▶ **What is being asked**
Pictures stay out; everything else from the first line of the entries down through the line with "750sqm, Residential, C" gets copied exactly.

▶ **Records to process**

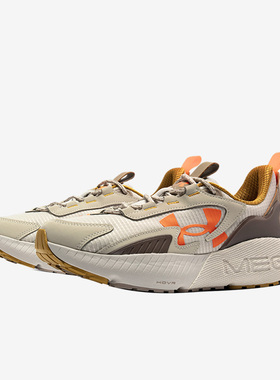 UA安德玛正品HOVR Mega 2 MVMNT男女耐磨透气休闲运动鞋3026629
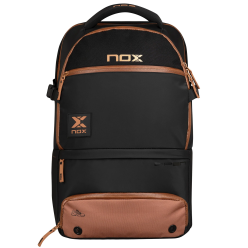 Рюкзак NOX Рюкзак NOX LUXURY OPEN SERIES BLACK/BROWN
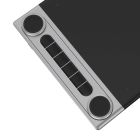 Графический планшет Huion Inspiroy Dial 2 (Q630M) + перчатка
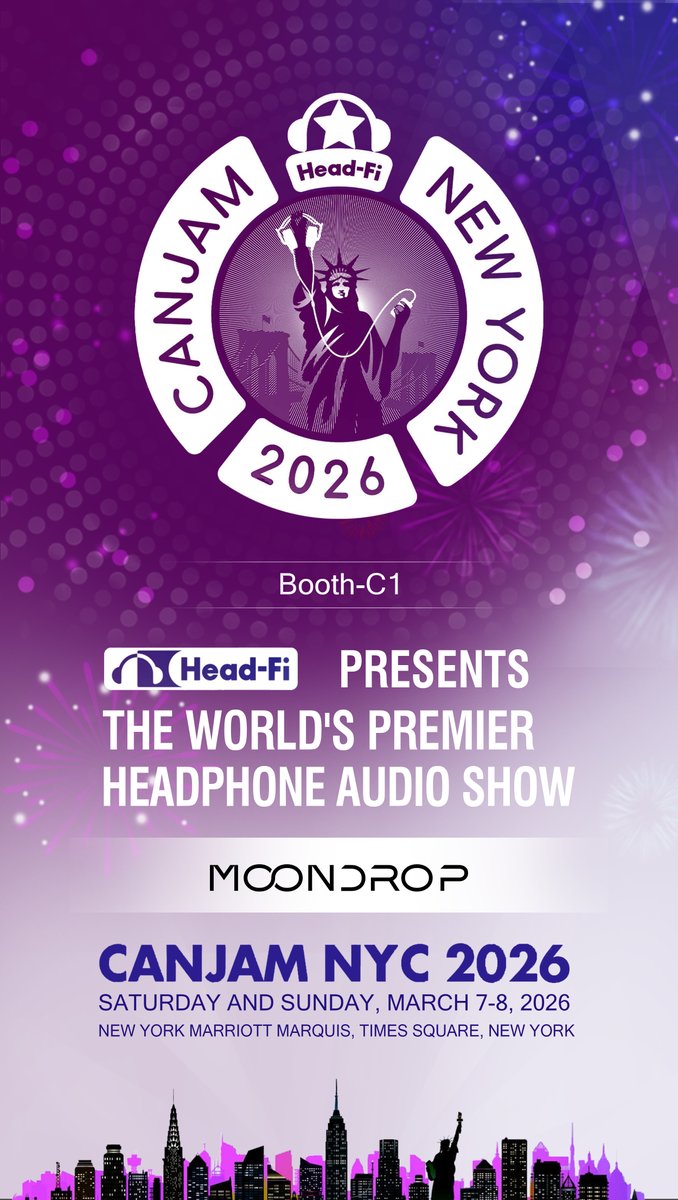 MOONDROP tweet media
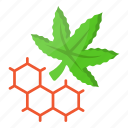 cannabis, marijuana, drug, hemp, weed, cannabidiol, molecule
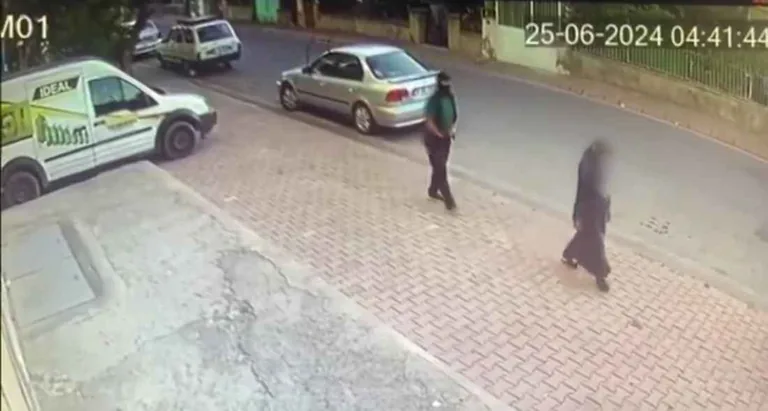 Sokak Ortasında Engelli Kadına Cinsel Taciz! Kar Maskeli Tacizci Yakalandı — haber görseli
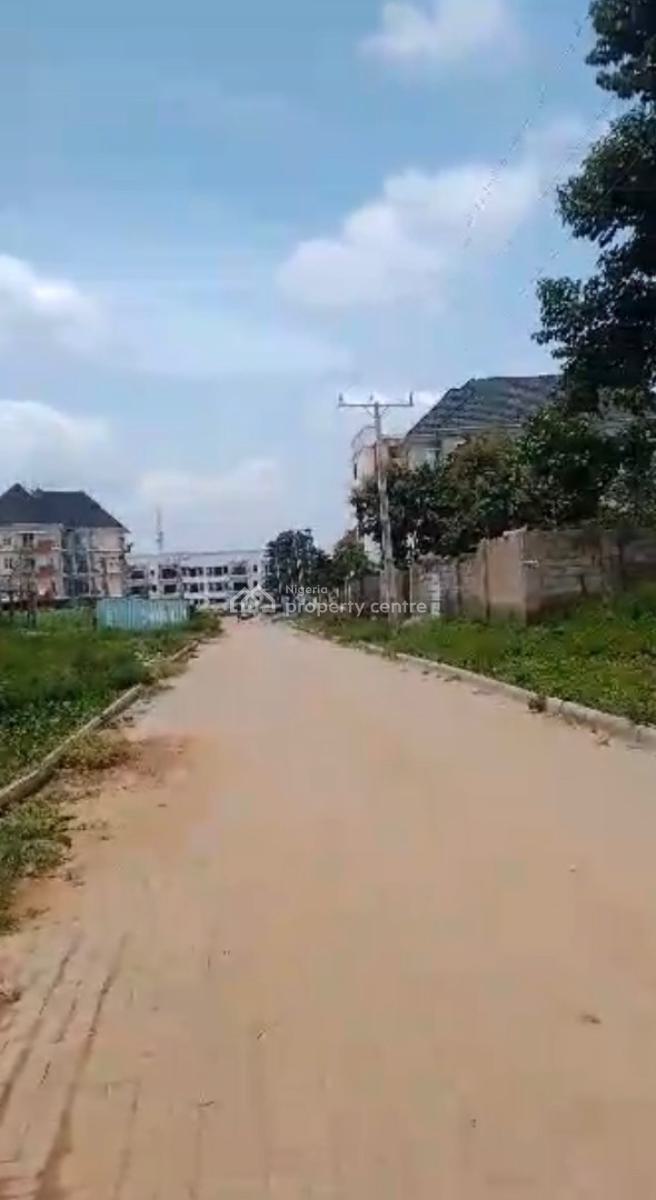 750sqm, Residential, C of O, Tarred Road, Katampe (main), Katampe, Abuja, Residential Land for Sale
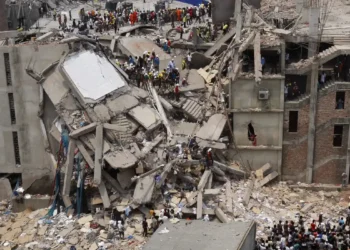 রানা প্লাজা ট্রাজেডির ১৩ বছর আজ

▶ **Your solution**
 UA安德玛正品HOVR Mega 2 MVMNT男女耐磨透气休闲运动鞋3026629
 Рюкзак NOX Рюкзак NOX LUXURY OPEN SERIES BLACK/BROWN
 Графический планшет Huion Inspiroy Dial 2 (Q630M) + перчатка
 MOONDROP tweet media
 cannabis, marijuana, drug, hemp, weed, cannabidiol, molecule
 Sokak Ortasında Engelli Kadına Cinsel Taciz! Kar Maskeli Tacizci Yakalandı — haber görseli
 750sqm, Residential, C of O, Tarred Road, Katampe (main), Katampe, Abuja, Residential Land for Sale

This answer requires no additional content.